Task directions: Print, from the listing below, the lines starting at the line containing "Ocean Pacific Short Sleeve" and ending at the line containing "Apartamento en venta Castellana Barranquilla", exactly as they stand, and print nothing else.
(Beginning of Task inputs)
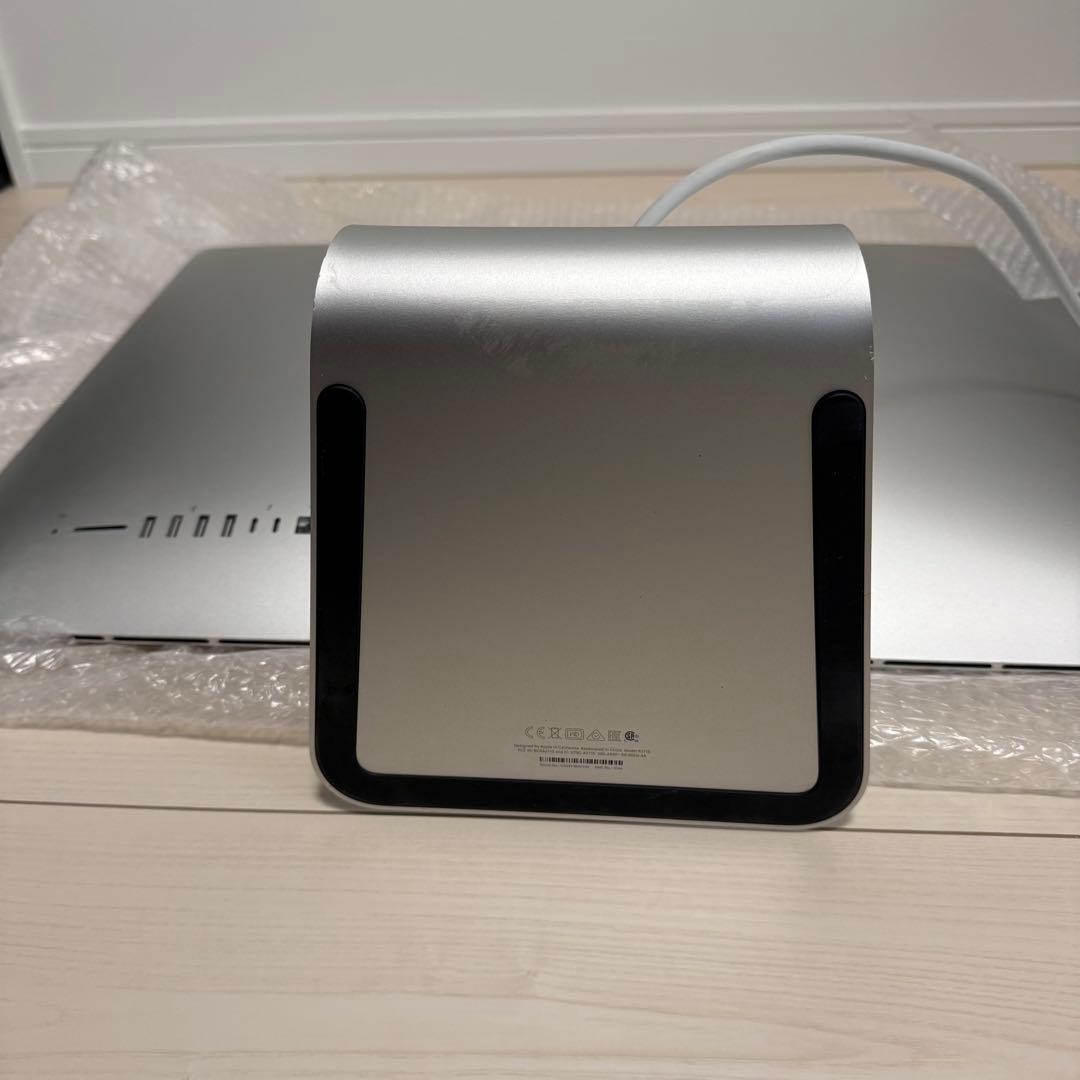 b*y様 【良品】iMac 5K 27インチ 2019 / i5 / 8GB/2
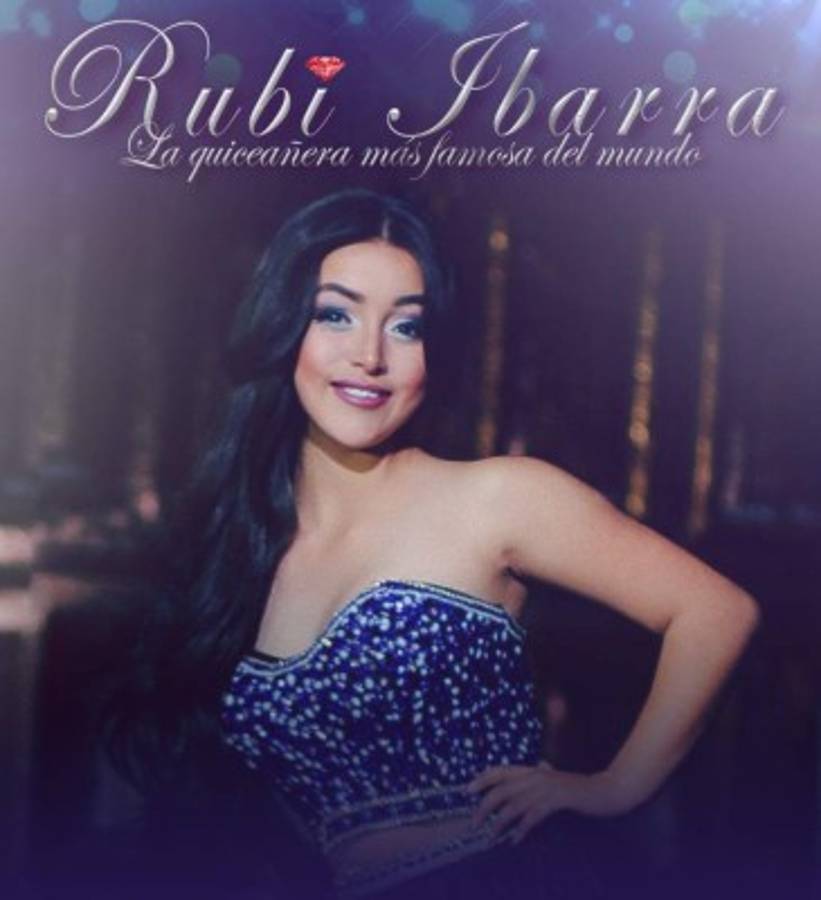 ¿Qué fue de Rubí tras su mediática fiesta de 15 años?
(End of Task inputs)
(Beginning of Task inputs)
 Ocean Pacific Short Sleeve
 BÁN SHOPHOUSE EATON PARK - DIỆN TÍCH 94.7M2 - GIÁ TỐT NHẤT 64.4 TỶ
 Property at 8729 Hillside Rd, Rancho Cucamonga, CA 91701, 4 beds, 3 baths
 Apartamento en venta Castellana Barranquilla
(End of Task inputs)
Exercise answer:
 Ocean Pacific Short Sleeve
 BÁN SHOPHOUSE EATON PARK - DIỆN TÍCH 94.7M2 - GIÁ TỐT NHẤT 64.4 TỶ
 Property at 8729 Hillside Rd, Rancho Cucamonga, CA 91701, 4 beds, 3 baths
 Apartamento en venta Castellana Barranquilla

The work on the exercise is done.